Your objective → Make an exact copy of the lines from the one holding "Five bottles of" through the end of the entries below, both ends kept, and of nothing else. Exclude pictures.

Image-caption web data
=== Section Start ===
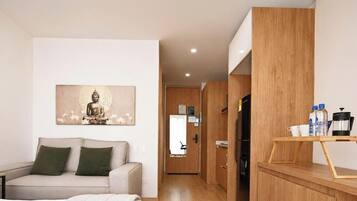 Una sala de estar moderna con un sofá, un cuadro y un mueble de madera con una cafetera.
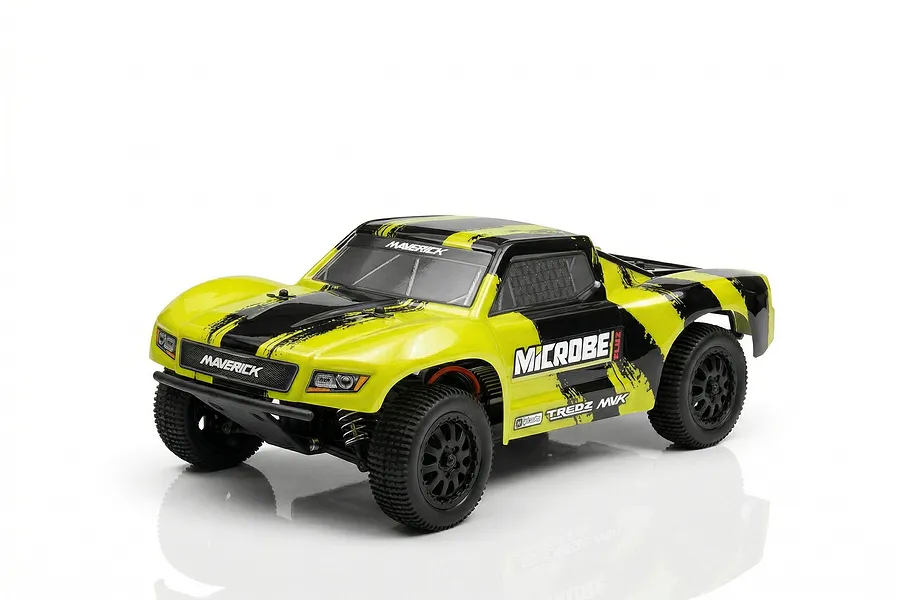 A studio shot of the Maverick MiCROBE SC Flux 1/24 scale RC short course truck in yellow and black, viewed from a front three-quarter angle.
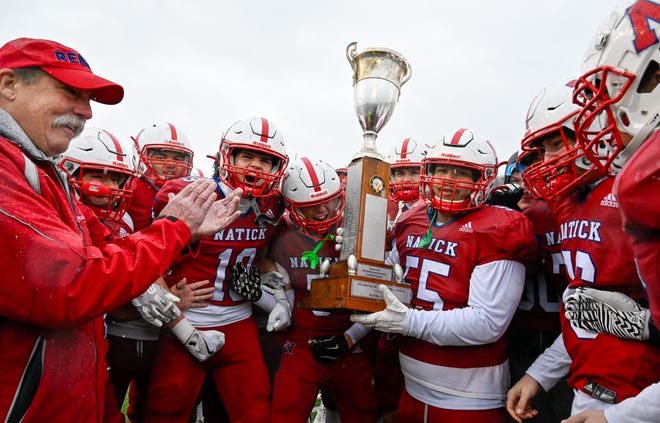 Natick senior Jordi Carias celebrates with the Elks trophy after defeating Framingham, 42-15, during the annual Thanksgiving Day football game at Memorial Field in Natick, Thursday, Nov. 28, 2024.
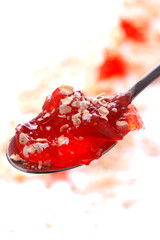 Strawberry jelly with oatmeal in the spoon. Isolated photo.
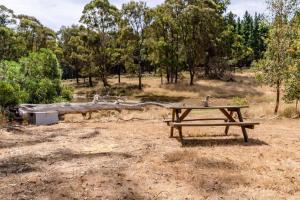 a picnic table in the middle of a field at Tiny Divine Farmstay by Tiny Away in Korweinguboora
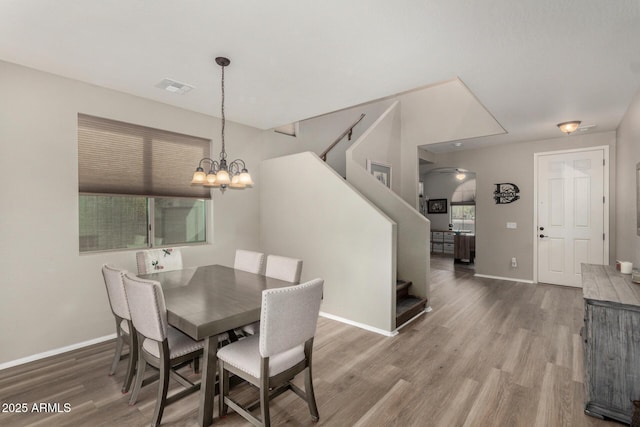 dining room featuring hardwood / wood-style floors and an inviting chandelier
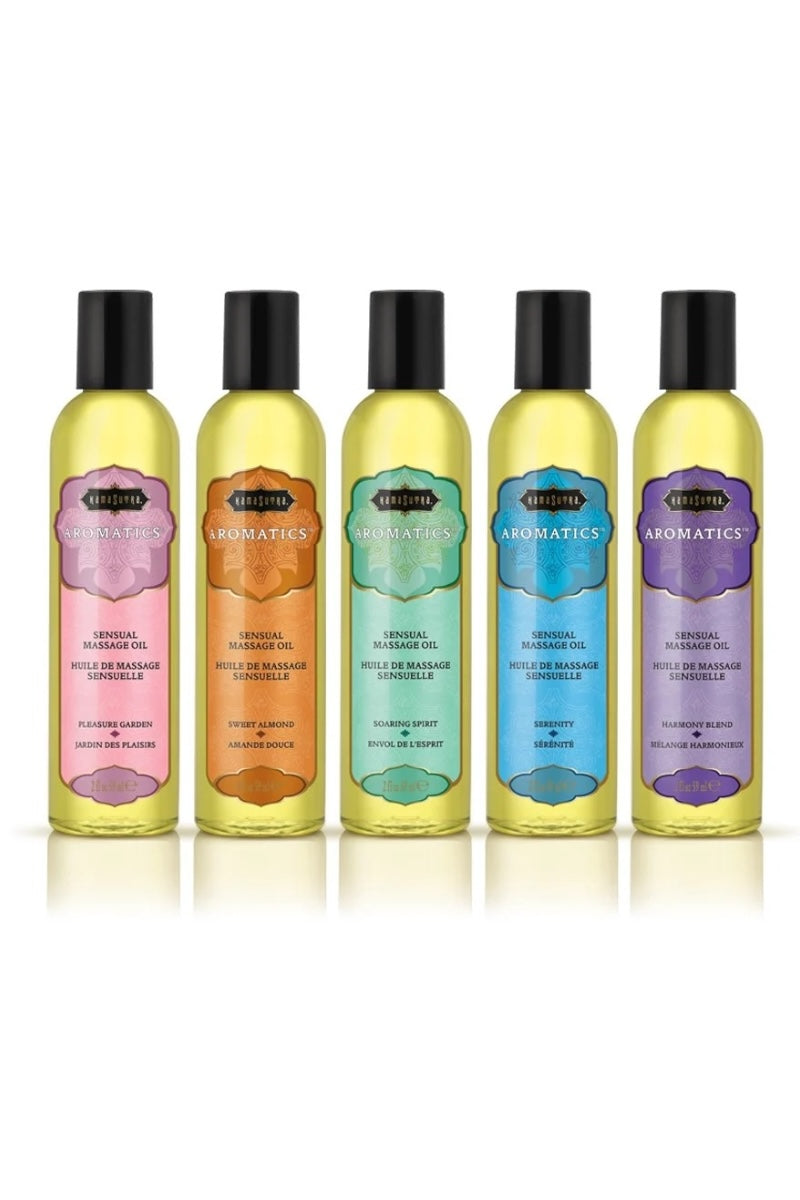 Five bottles of Aromatics massage oils with colorful labels on a white background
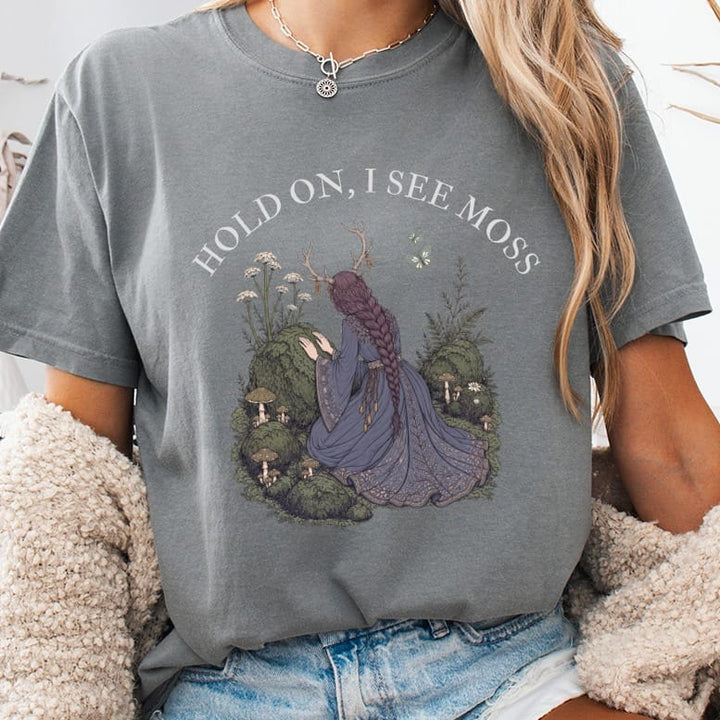 Gray t-shirt with "HOLD ON, I SEE MOSS" text and forest nymph illustration.
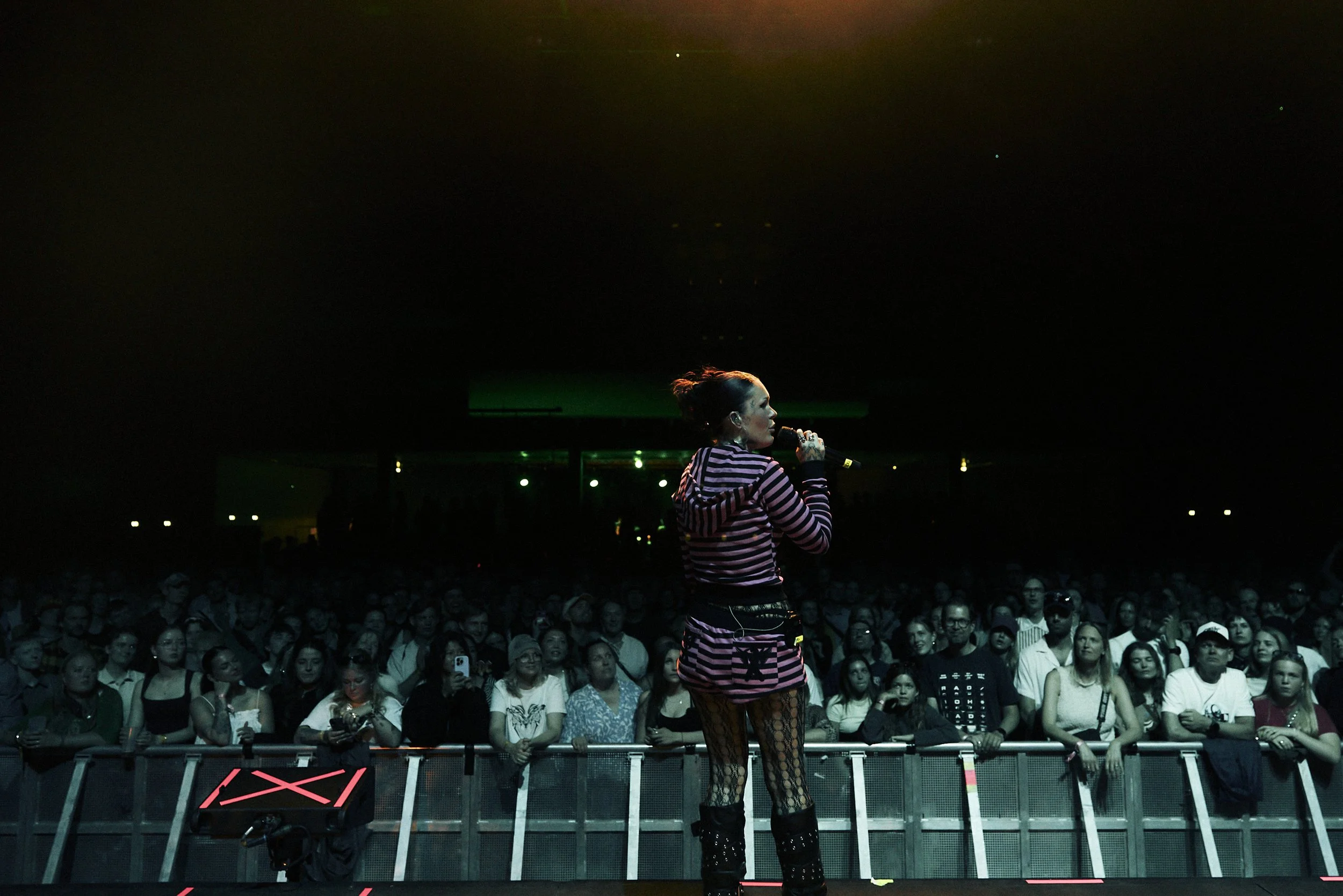 A female singer with red hair tied back, wearing a striped pink and black hoodie, fishnet stockings, and black boots, performing on stage with an audience watching in a dark, indoor concert venue.
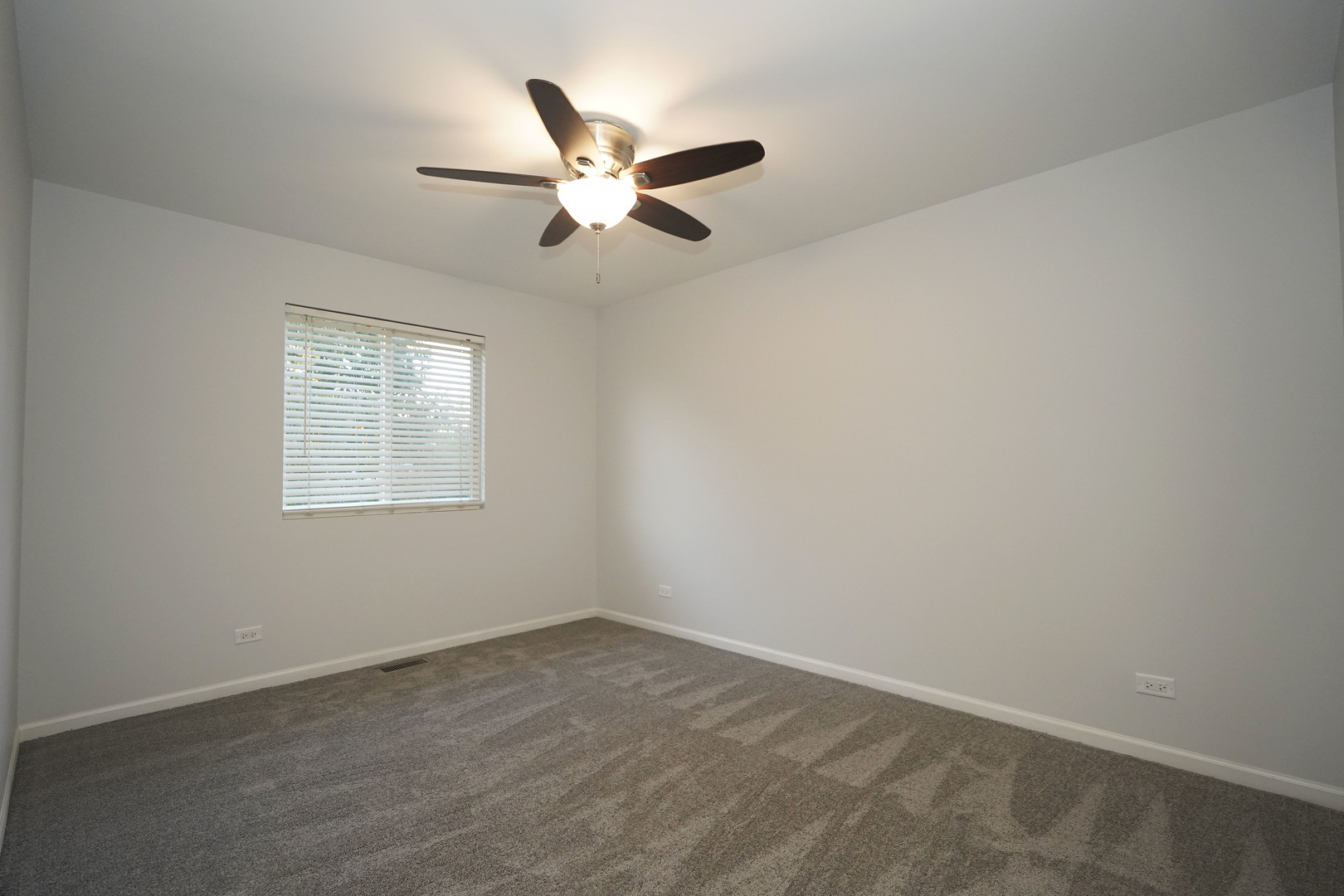 24300 White Oak Drive Plainfield, IL 60585 - Photo 24 of 32 an empty room with a window and a fan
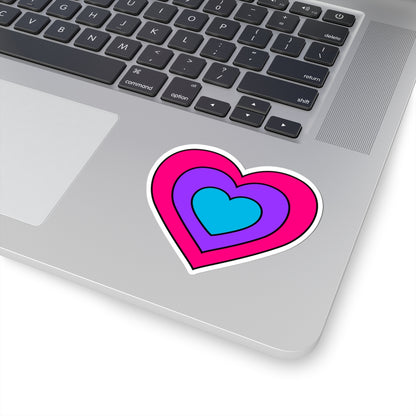 Close-up of the bottom right corner of a silver laptop featuring a 3 inch by 3 inch pride flag heart sticker in an Androgyne flag style applied to the surface.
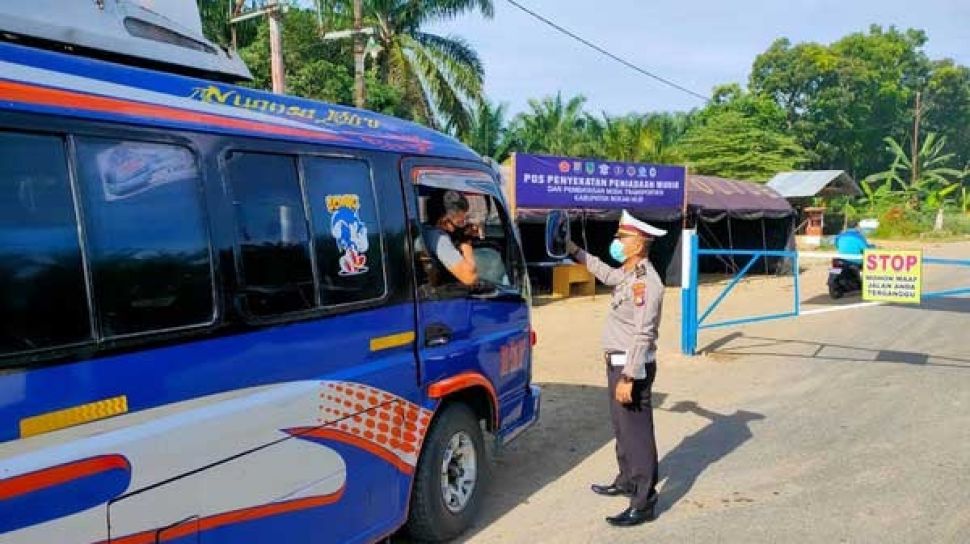 Ilustrasi pos penyekatan di batas provinsi.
=== Section End ===
Response to the task →
 Five bottles of Aromatics massage oils with colorful labels on a white background
 Gray t-shirt with "HOLD ON, I SEE MOSS" text and forest nymph illustration.
 A female singer with red hair tied back, wearing a striped pink and black hoodie, fishnet stockings, and black boots, performing on stage with an audience watching in a dark, indoor concert venue.
 24300 White Oak Drive Plainfield, IL 60585 - Photo 24 of 32 an empty room with a window and a fan
 Close-up of the bottom right corner of a silver laptop featuring a 3 inch by 3 inch pride flag heart sticker in an Androgyne flag style applied to the surface.
 Ilustrasi pos penyekatan di batas provinsi.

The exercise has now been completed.